I woke up at a godforsaken hour to find that a copy of A Mayse-Bikhl has been acquired by the National Library of Israel. It would make a better story if I choked on my tea from seeing the e-mail, but that was while reading something innocuous like Pat Barker at breakfast and just silly.

I was awake at a godforsaken hour because I was meeting two friends who do not have livejournals so that I could accompany them to a flea market at the Somerville Armory and they could show me Ken Russell's Gothic (1986). I did not find any clothes at the flea market, although I seriously considered a nonfiction LP about the moon landing called One Small Step (1969) just because it was narrated by Wernher von Braun and Chet Huntley, and a full orchestral score of Berlioz's Symphonie fantastique, hardcover, pocket-sized, and leatherbound. I didn't have a justifiable use for the latter and the former would probably have worked best as an unserious gift for some fan of Tom Lehrer, but they were very tempting on sheer grounds of weird. I tried on some cargo pants, but they didn't fit.

I did buy a candid photograph of George VI and Elizabeth Bowes-Lyon in Canada.
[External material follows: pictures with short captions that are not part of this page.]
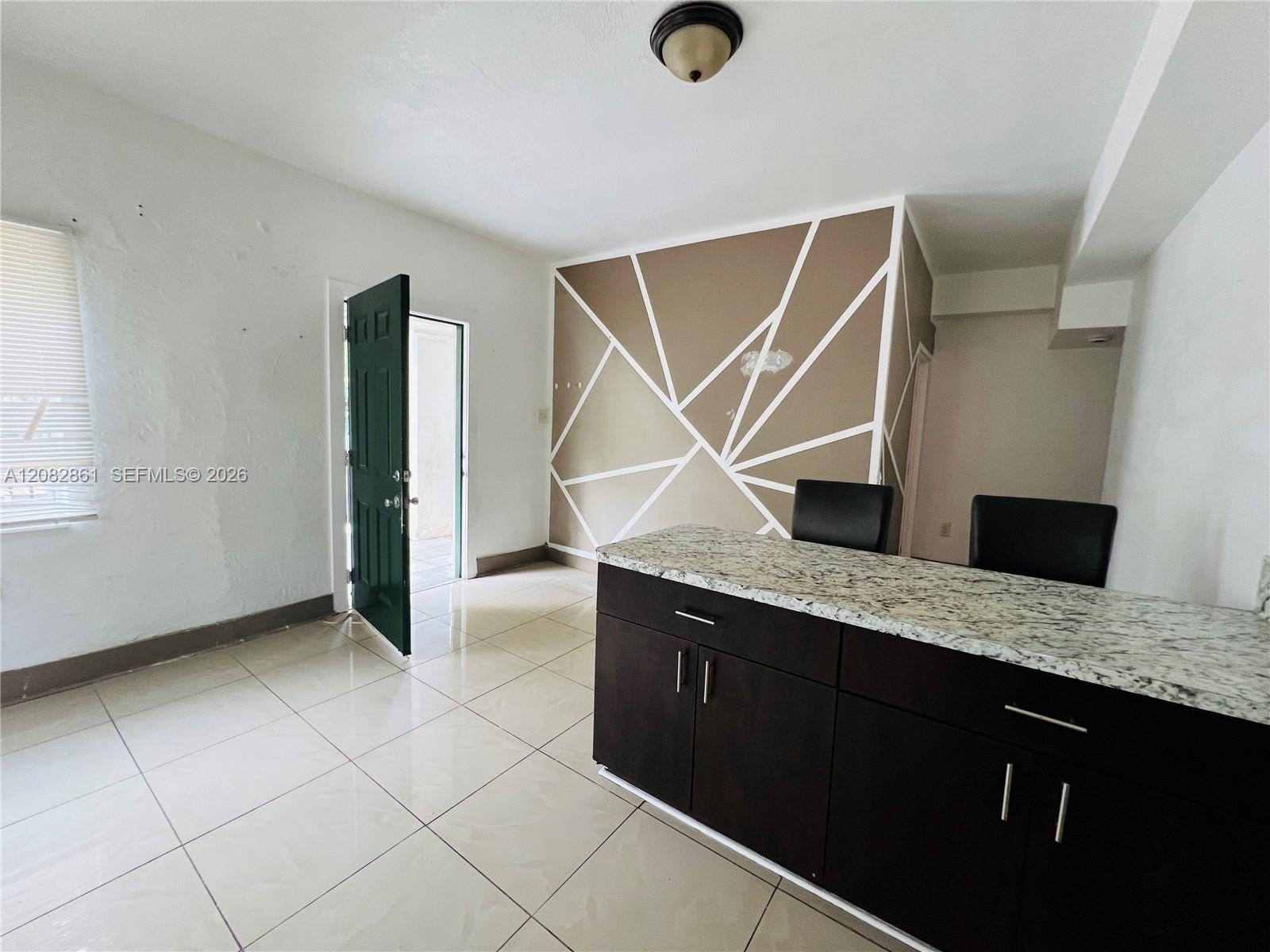 876 SW 2nd St # 2 — Photo 5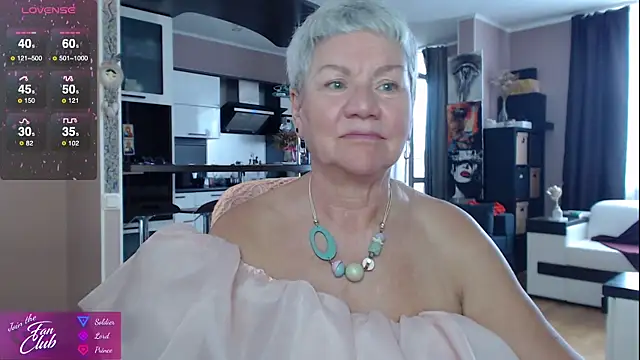 Snapshot of roxana_brooks chatting on September 22, 1:31 pm roxana brooks online show from September 22, 1:31 pm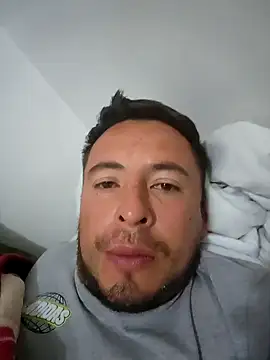 Kingkushflow online show from 11-17-25, 05:22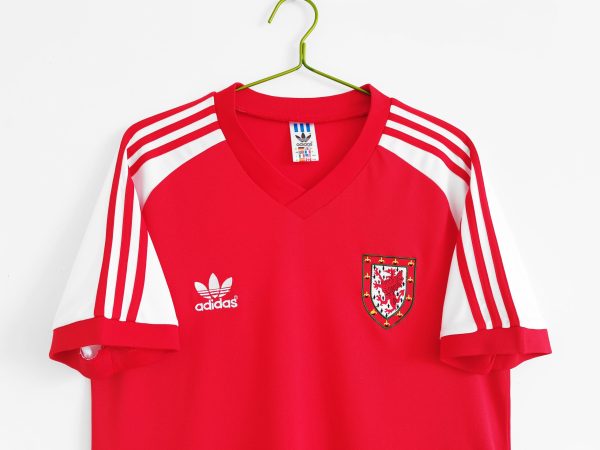 1982 Wales Home kit - Image 3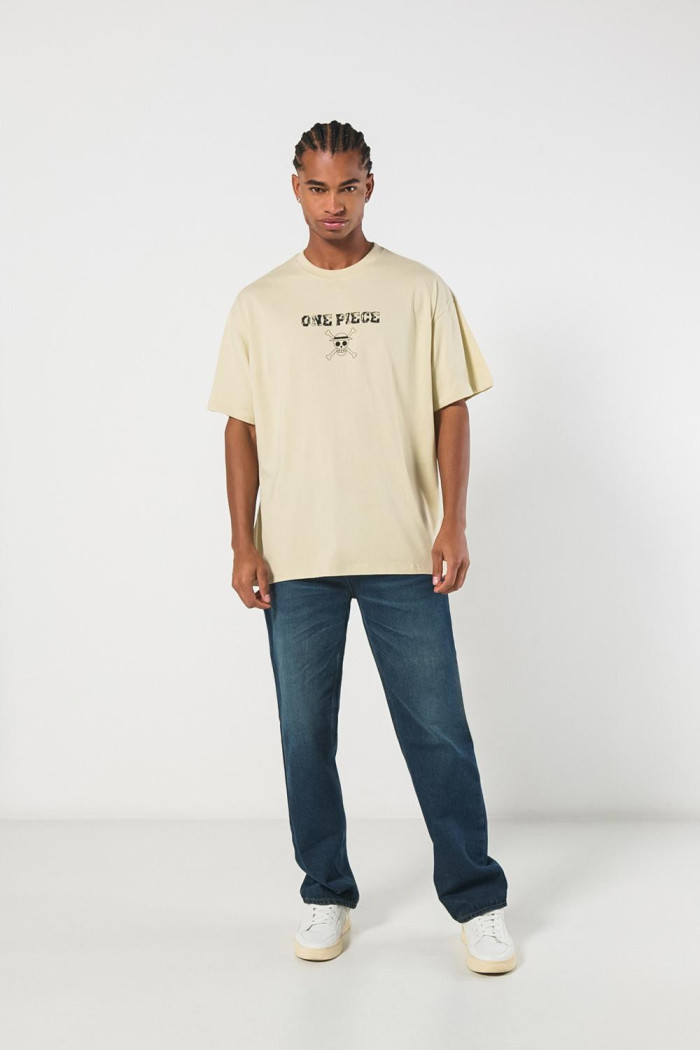 Camiseta kaki oversize con diseño de One Piece y manga corta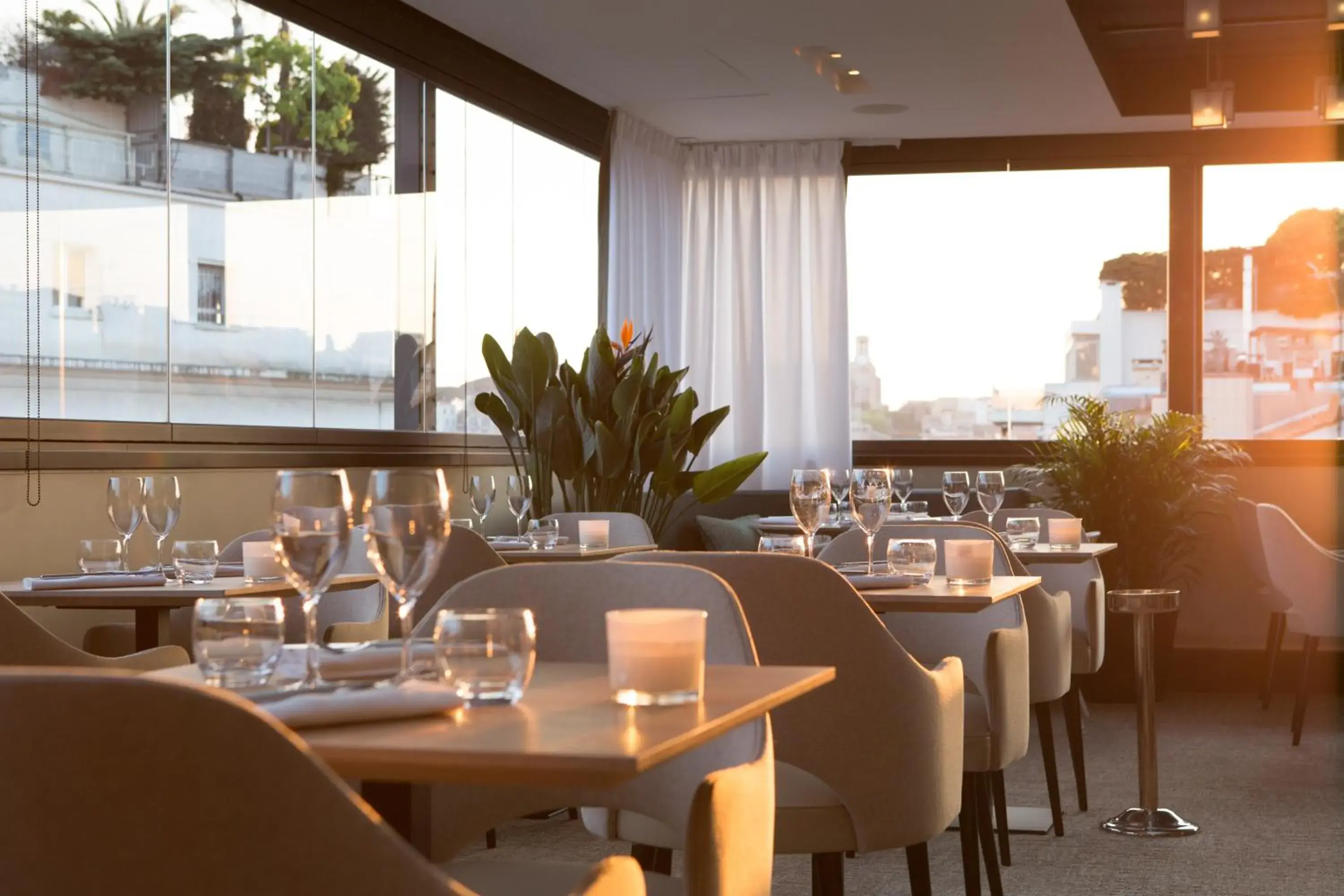 Restaurant/places to eat in Five Seas Hotel Cannes, a Member of Design Hotels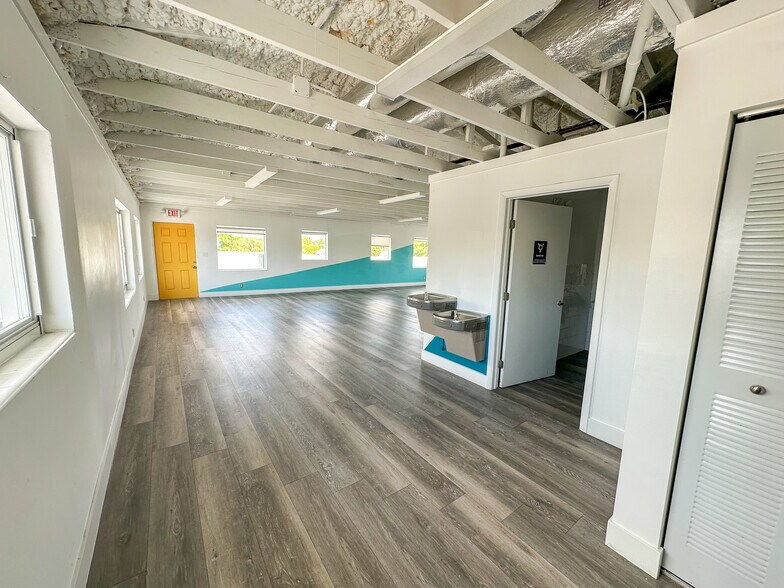 More Photos Of 702-706 NE 1st Ave, Fort Lauderdale Restaurant For Sale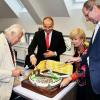 Hejtmanka krájí dort za asistence režiséra Hynka Bočana, ředitele OA Pavla Sekyrky a architekta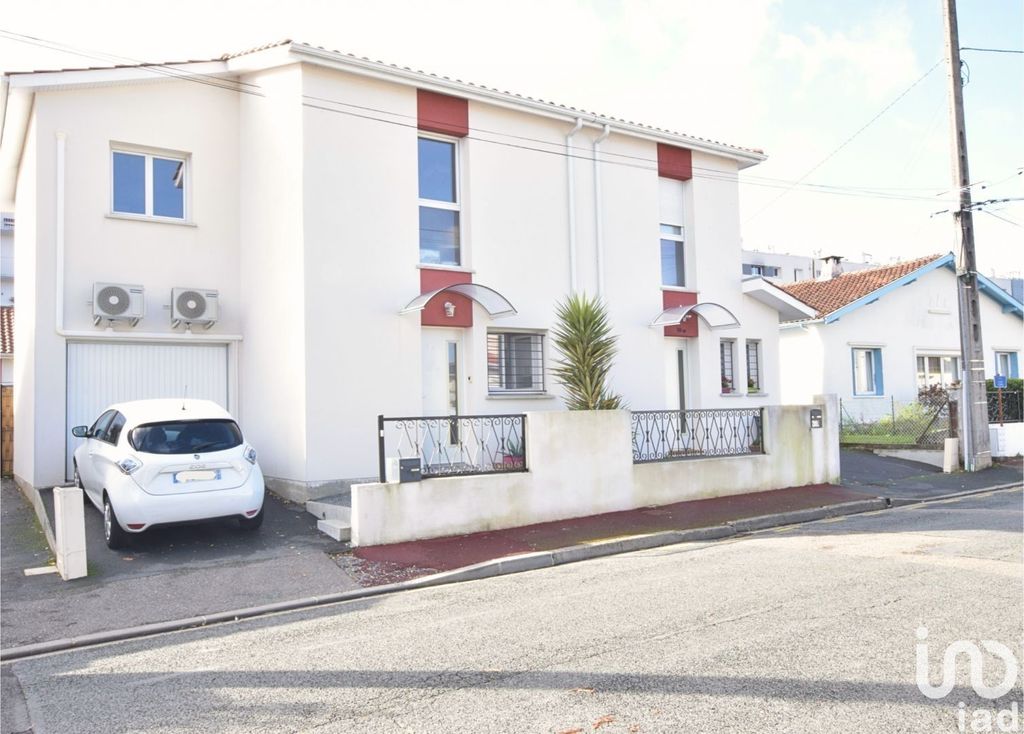 Achat maison à vendre 3 chambres 73 m² - Villenave-d'Ornon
For eight dollars. The dealer knocked two-thirds off the price because I recognized the subjects without taking the picture out of its sleeve and because I had been studying another photo of an American city street to see if I could tell the year in which it was taken from the movies on the marquee. (I couldn't, but I remembered the titles: H. M. Pulham, Esq. and Come Live with Me. So, 1941. Also, somebody liked Hedy Lamarr.) I just saw there's now a stage version of The King's Speech; I cannot imagine the unspeakable hipster cred I am going to rack up by saying I liked him before it was cool, but [livejournal.com profile] fleurdelis28 and [livejournal.com profile] nineweaving will back me up on this.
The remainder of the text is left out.